> Exercise instructions: Below is a listing; retype exactly the lines between the one containing "Сапоги 1731100 1731100 | 3" and the one containing "画像2: 【CRACKLIMB】 C&C LOGO SNAPBACK CAP", inclusive, minus the pictures.

> Data for review:
────
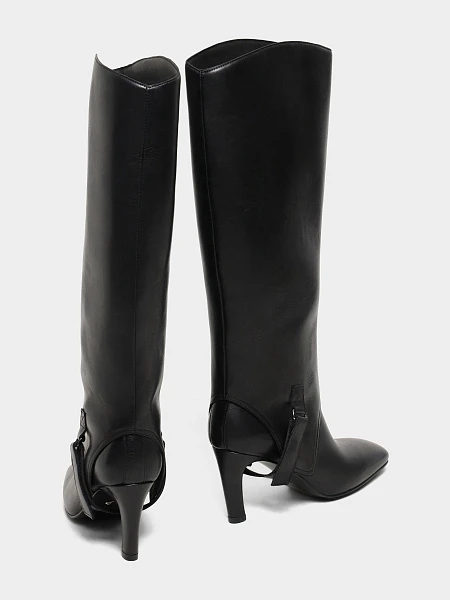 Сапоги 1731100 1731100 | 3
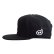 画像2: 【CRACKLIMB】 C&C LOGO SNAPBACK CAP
────
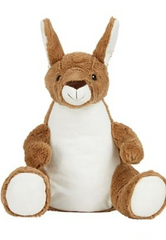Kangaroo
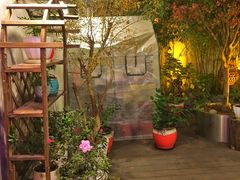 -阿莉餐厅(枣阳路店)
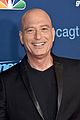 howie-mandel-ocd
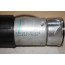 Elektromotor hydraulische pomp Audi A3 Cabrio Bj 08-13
────
> Problem solution:
 Сапоги 1731100 1731100 | 3
 画像2: 【CRACKLIMB】 C&C LOGO SNAPBACK CAP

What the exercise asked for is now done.